Would you please copy every line from the records that contains the word "Gold"?

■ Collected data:
Segment Open
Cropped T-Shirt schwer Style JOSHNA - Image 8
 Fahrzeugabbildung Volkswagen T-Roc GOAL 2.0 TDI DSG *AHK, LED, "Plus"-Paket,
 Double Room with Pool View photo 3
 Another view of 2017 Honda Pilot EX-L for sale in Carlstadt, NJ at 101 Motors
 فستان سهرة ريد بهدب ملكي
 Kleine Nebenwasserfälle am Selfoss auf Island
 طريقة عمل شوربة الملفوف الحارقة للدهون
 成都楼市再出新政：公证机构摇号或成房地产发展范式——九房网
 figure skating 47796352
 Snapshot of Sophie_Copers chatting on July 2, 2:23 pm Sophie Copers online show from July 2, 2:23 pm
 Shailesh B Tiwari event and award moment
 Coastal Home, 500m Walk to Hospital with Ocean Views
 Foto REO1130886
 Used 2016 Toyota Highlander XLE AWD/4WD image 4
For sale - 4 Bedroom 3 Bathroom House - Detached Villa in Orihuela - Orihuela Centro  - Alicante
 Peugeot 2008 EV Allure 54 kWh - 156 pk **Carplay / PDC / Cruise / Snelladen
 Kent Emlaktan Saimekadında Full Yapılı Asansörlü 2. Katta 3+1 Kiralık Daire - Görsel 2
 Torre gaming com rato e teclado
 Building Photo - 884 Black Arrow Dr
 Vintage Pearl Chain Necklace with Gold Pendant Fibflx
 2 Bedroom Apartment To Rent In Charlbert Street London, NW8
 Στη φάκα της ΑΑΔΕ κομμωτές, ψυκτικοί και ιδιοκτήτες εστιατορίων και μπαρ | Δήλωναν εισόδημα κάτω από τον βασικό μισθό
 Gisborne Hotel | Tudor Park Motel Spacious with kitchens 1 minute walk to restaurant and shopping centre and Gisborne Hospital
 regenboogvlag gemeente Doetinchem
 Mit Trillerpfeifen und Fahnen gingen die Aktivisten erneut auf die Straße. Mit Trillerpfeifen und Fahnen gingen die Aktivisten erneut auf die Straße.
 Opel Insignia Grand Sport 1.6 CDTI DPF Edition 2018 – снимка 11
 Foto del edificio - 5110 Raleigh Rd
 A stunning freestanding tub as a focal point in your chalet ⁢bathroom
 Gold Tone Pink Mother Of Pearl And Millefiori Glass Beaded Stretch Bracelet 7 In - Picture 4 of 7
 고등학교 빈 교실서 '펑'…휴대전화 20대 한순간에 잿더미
Segment Closed
■ Output of the exercise:
 Vintage Pearl Chain Necklace with Gold Pendant Fibflx
 Gold Tone Pink Mother Of Pearl And Millefiori Glass Beaded Stretch Bracelet 7 In - Picture 4 of 7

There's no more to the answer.